Cholinergic system in sequelae of traumatic brain injury

Abstract

Background: Traumatic brain injury (TBI) is one of the most significant causes of disability and lowered capacity. TBI cause also a considerable financial burden since the majority of patients are young at the time of injury. Though much scientific work has been conducted, the pathophysiological mechanisms behind the sequelae of TBI are still largely unknown. However, there is evidence emerging from experimental and clinical studies that the cholinergic system seems to be at least partly involved in the cognitive impairment associated with TBI. In the TBI aftermath, patients commonly experience problems with attention, initiative and processing speed, i.e. functions which are mainly regulated by the cholinergic system. Additionally, in particular there are indications that the structures containing acetylcholinecontaining neurons are commonly injured in TBI. Furthermore, there is preliminary evidence that at least some TBI patients may benefit from cholinergic medication.

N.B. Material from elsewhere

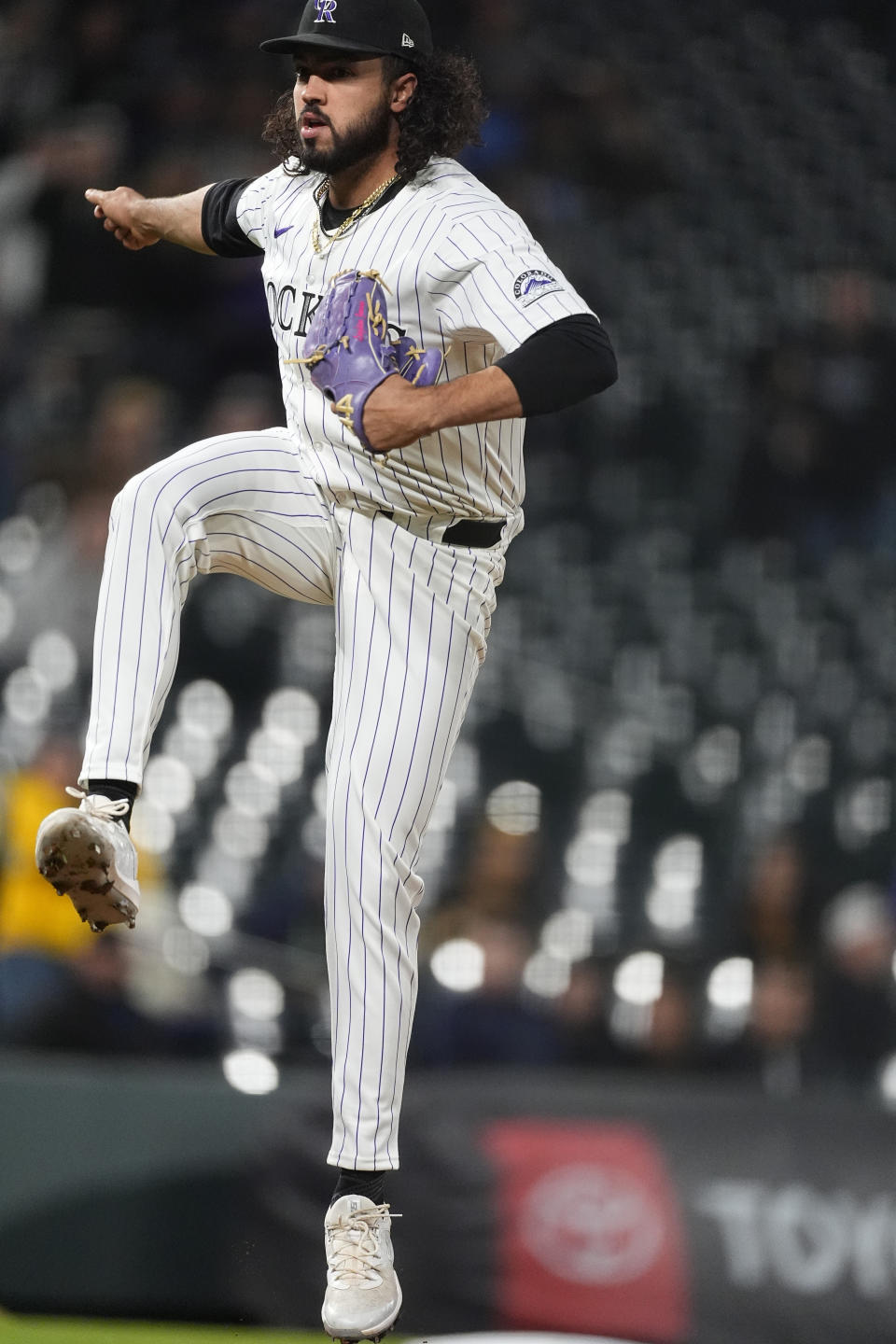 Colorado Rockies relief pitcher Justin Lawrence jumps after delivering a pitch to San Diego Padres' Jake Cronenworth during the ninth inning of a baseball game Tuesday, April 23, 2024, in Denver. (AP Photo/David Zalubowski)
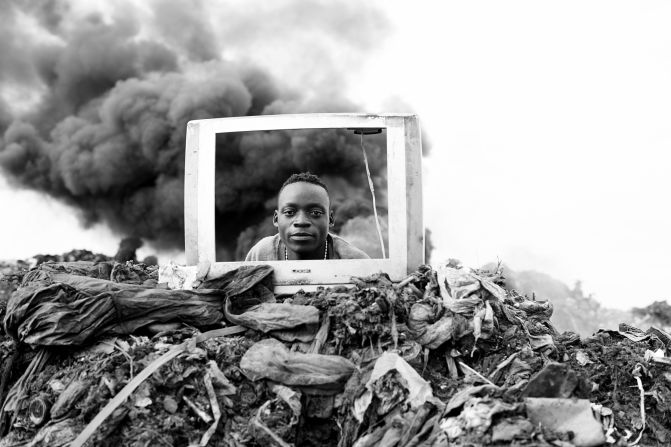 A boy plays behind a discarded TV frame. Electronic waste is burned at the site, explains Macilau, releasing hazardous chemicals into the environment.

Aims of the study: Our aim was to utilize positron emission tomography (PET) and magnetic resonance imaging (MRI) to evaluate possible alterations in the cholinergic system after TBI. An additional goal was to clarify the association of these structural or functional changes to the patient’s response to cholinergic medication. Patients with moderate-to-severe TBI were compared to healthy controls with PET using the [11C]MP4A tracer. MP4A targets acetylcholinesterase (AChE), which is the pre- and post-synaptic acetylcholine degrading enzyme. The TBI patient group was divided into two depending on their response to rivastigmine (inhibitor of AChE) treatment. These patient groups were imaged with MP4A-PET at baseline (without medication) and after 4 weeks of rivastigmine therapy to compare differences in AChE activity. Cholinergic structures were also investigated with atlas-based MRI morphometry. It was also examined whether the atrophy rates of frontal cholinergic structures were associated with neuropsychological tests results. The subjects filled in a questionnaire to determine whether their smoking histories had any connection to the outcome of TBI.

Results: The AChE activity in TBI patients was clearly lowered in cortical regions when compared to controls. Most significantly, AChE activity was reduced in parieto- and occipital-cortices. A comparison of the two TBI patient groups in the primary time point scan showed evidence of lowered AChE activity in frontal cortical structures in rivastigmine responders. However, the inhibitory effect of rivastigmine on AChE activity was similar with patient groups when scanned during drug therapy and there was no longer any significant difference between groups in their AChE activities. MRI morphometry revealed that the higher the atrophy rate in frontal cortical structures, the poorer the performance in neuropsychological tests measuring attention. Smoking history was not associated with TBI outcome.

Conclusions: According to the results of this study, it appears that the cholinergic system is altered chronically after TBI. It also seems that these structural alterations and the consequential functional changes in the cholinergic system are connected to the response to cholinergic medication. Additionally, the atrophy rate of frontal cortical structures, which are mainly innervated by cholinergic neurons, appears to have correlation to neuropsychological performance concerning attention. There did not seem to be any link between smoking and TBI outcome.